During its biennial conference on the 23 and 24 July 2013, The British Musicians’ Union celebrated its 120th anniversary in Manchester, where it was created in 1893. This particularly brilliant event was an opportunity, for Europe’s largest musicians’ union with over 30,000 members, to denounce once more the British government’s radical disengagement from all its missions of a cultural character and its devastating effects on musical life in the country. This historic cultural regression is astutely described on the http://www.lost-arts.org website.
Another particularly iniquitous initiative from the Cameron administration is currently being actively opposed by the BMU and its partner BASCA (British Academy of Songwriters, Composers and Authors): in February 2013, the British government announced the setting up in the UK of an exception for private copying without compensation for rightholders, contrary to almost all national instruments implemented in the rest of the European Union and in clear-cut contravention of article 5-2b of Directive 2001/29 CE which establishes the principle of equitable compensation for rightholders. Claiming that zero compensation can meet the requirements of equity established by community law is pure provocation. By depriving rightholders concerned of their legitimate revenues, this measure places all the national music sector in an unfavourable situation with regards to other Union countries, but also despoils all European creators of the remunerations which they should be able to claim on the UK market. The BMU reminds people that the great majority of its members does not earn more than £20,000 a year and that the rights linked to the various uses of their recordings constitute a vital source of revenue for them.

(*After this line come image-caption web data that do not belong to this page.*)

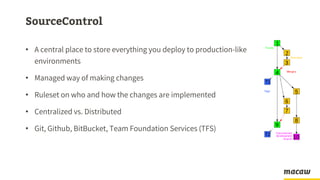 SourceControl
• A central place to store everything you deploy to production-like
environments
• Managed way of making changes
• Ruleset on who and how the changes are implemented
• Centralized vs. Distributed
• Git, Github, BitBucket, Team Foundation Services (TFS)
 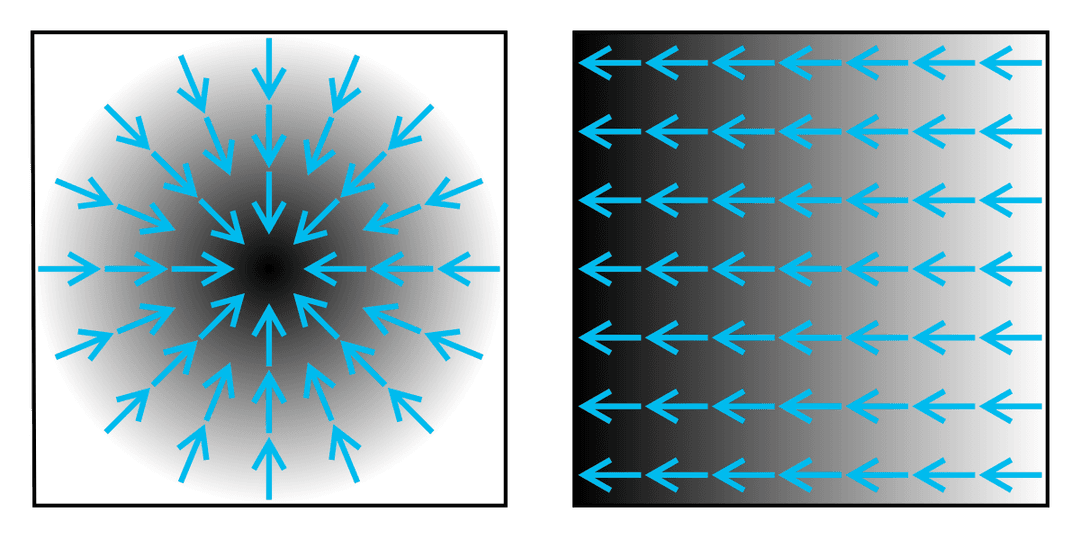 Gradient - Wikipedia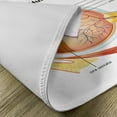thumbnail image 5 of Ambesonne Science Place Mats Set of 4, Eye Cornea Pupils, Standard Size, Pale Blue Mustard Coral, 5 of 6
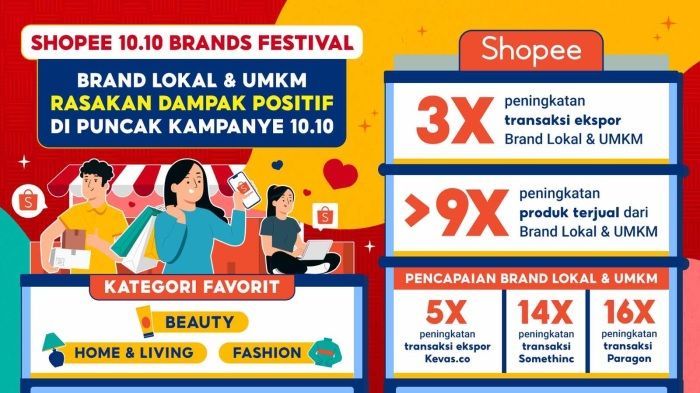 Brand Lokal & UMKM Rasakan Peningkatan Penjualan Produk hingga 9 Kali Lipat di Shopee 10.10 Brands Festival
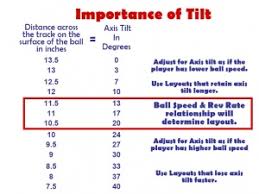 17 Expository Bowling Ball Axis Tilt Chart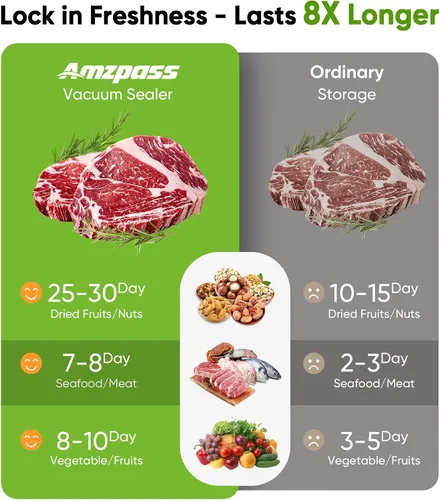 Vista 9 de Sellador al Vacío para Alimentos, Máquina Selladora al Vacío de Alimentos 6 en 1, Sellador de Alimentos con Cortador Integrado Sellador al Vacío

Generally speaking, the sharing of value imposed on artists by the industry with regards to online uses seems increasingly out of line. In particular, the fact that streaming services by subscription such as Spotify can get round the equitable remuneration regime and thus keep musicians away from the profits generated is clearly intolerable. It is essential today that a solution be found to update laws at community level and ensure that contractual practices evolve. This is now a priority for FIM and its European partners.